Apostoł św. Paweł zaleca nie tylko, aby spoglądać na Jezusa jako Wodza, który jest godny najwyższej czci i posłuszeństwa, ale w Liście do Kolosan 1:27 (NP) podaje głębszą myśl – że Chrystus ma być „w was”. Nie oznacza to, że możemy dokonywać takich cudów i uzdrowień jak Chrystus, ale że powinniśmy posiadać takie usposobienie, pragnienie czystości, sprawiedliwości, służby, miłości, jakie były w Chrystusie. Znaczyłoby to, że jeżeli Chrystus jest w nas, to nasze oczy, uszy, język, ręce, serce nie są już nasze, ale Chrystusowe. Są Jego własnością i używane są według Jego woli. Byłoby dobrze, abyśmy sobie uprzytomnili i zapytali sami siebie czy na to, na co chcą patrzeć nasze oczy, patrzyłyby oczy Chrystusa (np. w telewizji)? Czy jego uszy słuchałyby zawsze tego, czego my słuchamy? Czy nasz język będący własnością Chrystusa, mówiłby takie słowa i takim tonem? Czy serce pozwalałoby na takie uczucia? „Nie jesteście sami swoi. Albowiemeście drogo kupieni. Wysławiajcież tedy Boga w ciele waszym i duchu waszym, które są Boże” – 1 Kor. 6:20 (BGd).

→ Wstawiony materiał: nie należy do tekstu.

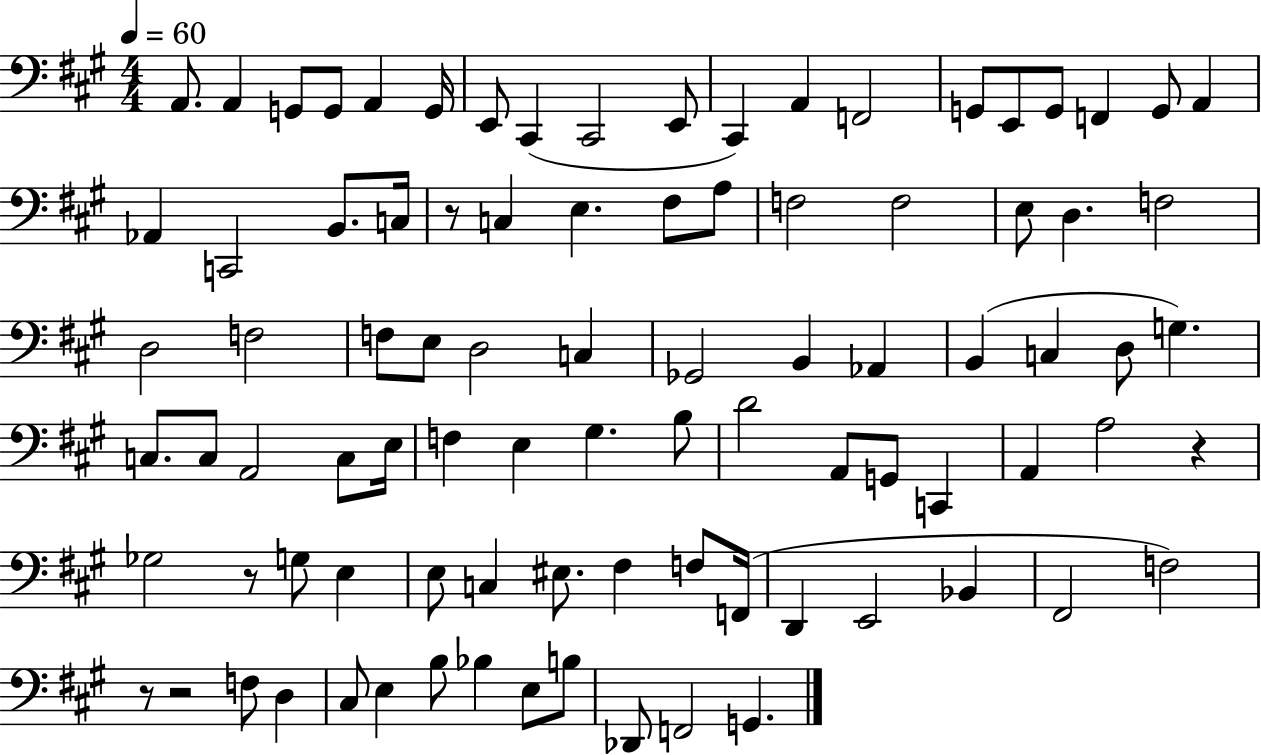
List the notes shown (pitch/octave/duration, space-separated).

A2/e. A2/q G2/e G2/e A2/q G2/s E2/e C#2/q C#2/h E2/e C#2/q A2/q F2/h G2/e E2/e G2/e F2/q G2/e A2/q Ab2/q C2/h B2/e. C3/s R/e C3/q E3/q. F#3/e A3/e F3/h F3/h E3/e D3/q. F3/h D3/h F3/h F3/e E3/e D3/h C3/q Gb2/h B2/q Ab2/q B2/q C3/q D3/e G3/q. C3/e. C3/e A2/h C3/e E3/s F3/q E3/q G#3/q. B3/e D4/h A2/e G2/e C2/q A2/q A3/h R/q Gb3/h R/e G3/e E3/q E3/e C3/q EIS3/e. F#3/q F3/e F2/s D2/q E2/h Bb2/q F#2/h F3/h R/e R/h F3/e D3/q C#3/e E3/q B3/e Bb3/q E3/e B3/e Db2/e F2/h G2/q.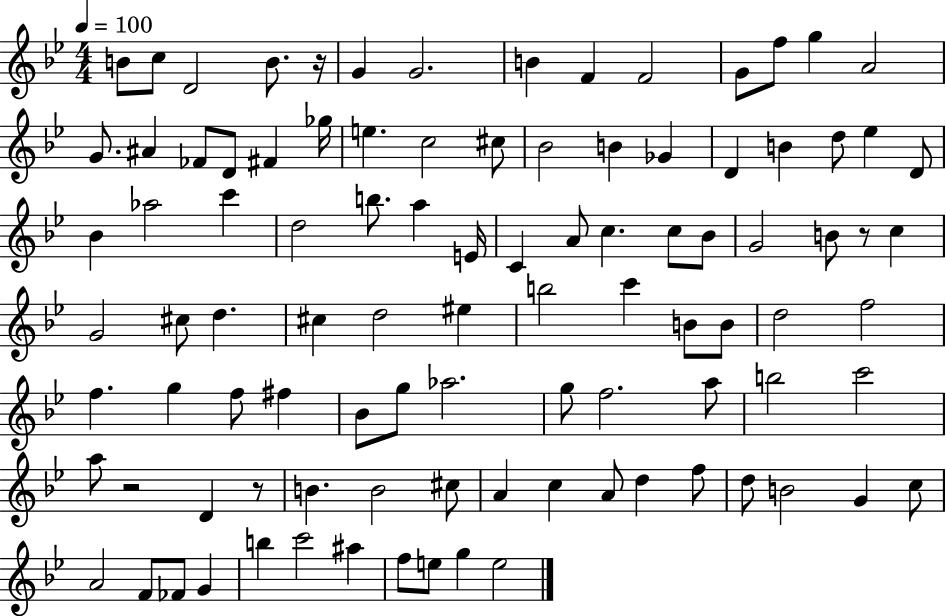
B4/e C5/e D4/h B4/e. R/s G4/q G4/h. B4/q F4/q F4/h G4/e F5/e G5/q A4/h G4/e. A#4/q FES4/e D4/e F#4/q Gb5/s E5/q. C5/h C#5/e Bb4/h B4/q Gb4/q D4/q B4/q D5/e Eb5/q D4/e Bb4/q Ab5/h C6/q D5/h B5/e. A5/q E4/s C4/q A4/e C5/q. C5/e Bb4/e G4/h B4/e R/e C5/q G4/h C#5/e D5/q. C#5/q D5/h EIS5/q B5/h C6/q B4/e B4/e D5/h F5/h F5/q. G5/q F5/e F#5/q Bb4/e G5/e Ab5/h. G5/e F5/h. A5/e B5/h C6/h A5/e R/h D4/q R/e B4/q. B4/h C#5/e A4/q C5/q A4/e D5/q F5/e D5/e B4/h G4/q C5/e A4/h F4/e FES4/e G4/q B5/q C6/h A#5/q F5/e E5/e G5/q E5/h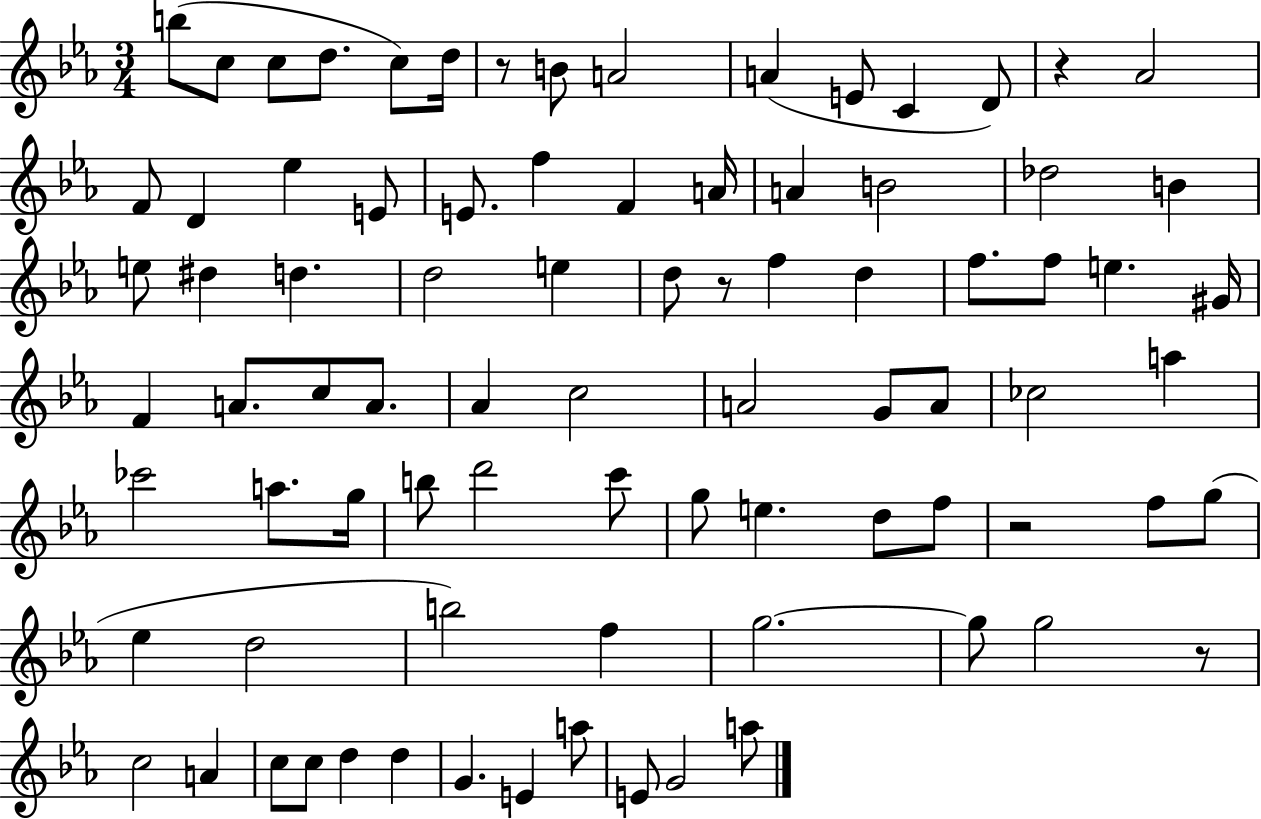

Apostoł św. Paweł starał się żyć tak, jak o sobie napisał: „Żyję już nie ja, lecz żyje we mnie Chrystus” – Gal. 4:20. On też napisał, że: „Bóg, które przejrzał, te też przeznaczył, aby byli przypodobani obrazowi Syna jego” – Rzym. 8:29 (BGd).

Mamy więc doskonały, piękny wzór. Potrzeba dużo ustawicznej, codziennej pracy, aby go osiągnąć. Chrześcijanin nie może być zadowolony z posiadanych przymiotów, ale w ustawicznym ich rozwijaniu i pomnażaniu może znaleźć zadowolenie. Starajmy się więc wykonywać to chwalebne dzieło, które daje nam szczęście w tym życiu i zapewnia przyszły żywot wieczny.

Niechaj piękność Jezusa się we mnie lśni,
Jego odblaskiem niech będą moje dni!
O, niech Duch mocą swą zawsze kieruje mną!
O, niech życie Jezusa się we mnie lśni!